Ce conflit entre ce qui reste persiste et ce qui s’efface, s’oublie, disparaît, entre ce qui arrive une fois et ce qui revient de nombreuses fois constitue la nouvelle dimension du fonctionnement de la psyché post-bicamérale. Mais ce qui reste persiste ou insiste ne relève pas toujours de la même strate. Et ce qui interrompt n’est plus une faille inaccessible mais des moments auxquels ont a un accès certes limité mais effectif.

Voir p. 190 et p. 202 (sur la cure analytique)

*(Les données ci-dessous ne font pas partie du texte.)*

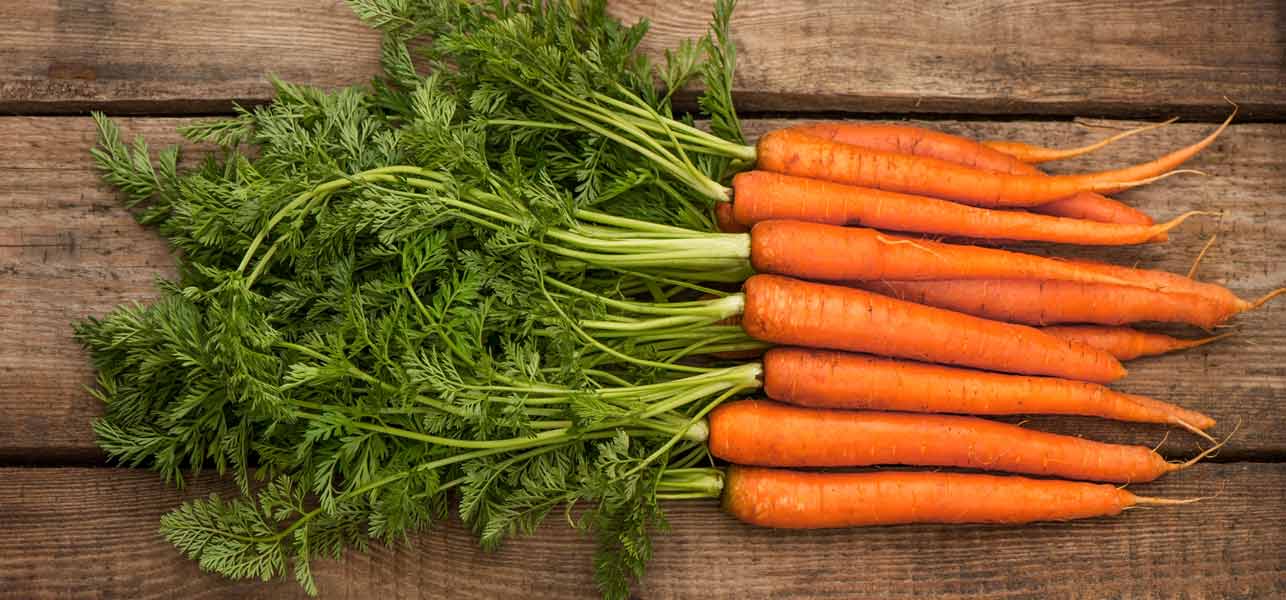 Happy International Carrot Day!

et pourtant une nouvelle faille radicale, une nouvelle schize apparaît.

Voir p. 204-205

Et nous nous découvrons des éternels enfants, c’est du moins ce qu’insinue la conclusion de ce livre, non qu’il le dise ainsi, mais pour rassembler les morceaux épars, il revient sur l’histoire individuelle et remet en perspective la vie d’un individu de l’enfance à l’âge adulte.

Voir p. 222-223-224

Pourquoi tout ça ?
Parce qu’il me semble que les moyens connus pour faire des dieux ont atteint leurs limites à la fois parce que leur trucs ont été éventés et parce que la donne perceptive est en train de changer à grande vitesse et de produire un nouveau psychisme dont nous sommes à la fois les acteurs et les cobayes et si l’on veut les victimes mais aussi ceux qui ne peuvent s’opposer à son existence. L’homme historique est en train de se découvrir post-historique, c’est-à-dire peut-être plus proche de l’homme bicaméral que celui du XXe siècle.

C’est ici qu’entre pour moi en jeu une possible fonction heuristique de Jaynes.

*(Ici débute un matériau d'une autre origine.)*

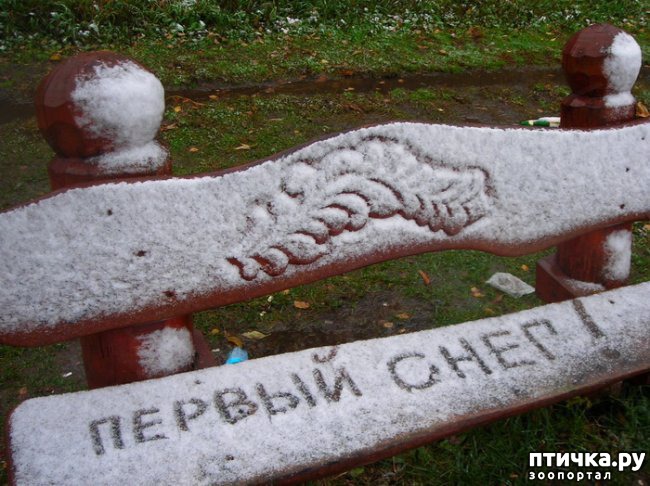 ���� 1: ������ ����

L’heuristique ou euristique (de εὑρίσκω, heuriskô, « je trouve ») est « l’art d’inventer, de faire des découvertes » en résolvant des problèmes à partir de connaissances incomplètes.

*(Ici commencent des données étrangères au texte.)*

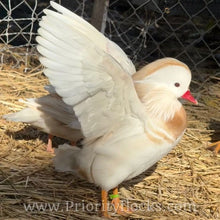 Load image into Gallery viewer, White Mandarin Duck (Young Adult)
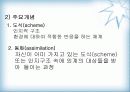 인지발달 ppt 4페이지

Quelles découvertes avons nous faites ?
1. Que la schize bicamérale persiste, et que même décalée, même prise dans un nouveau schème spatio-temporel, non seulement elle existe dans le psychisme contemporain mais elle y joue un rôle en importance au moins aussi important que pour l’homme bicaméral rôle qui même s’il est mieux vu n’en est pas moins mal pris en compte pour ne pas dire occulté ou nié.

Nous avons vu que plusieurs sortes de schizes persistent,

a - celle qui sépare conscient et inconscient dans les modalité d’accès aux informations engrammées. On la nommera la schize freudienne.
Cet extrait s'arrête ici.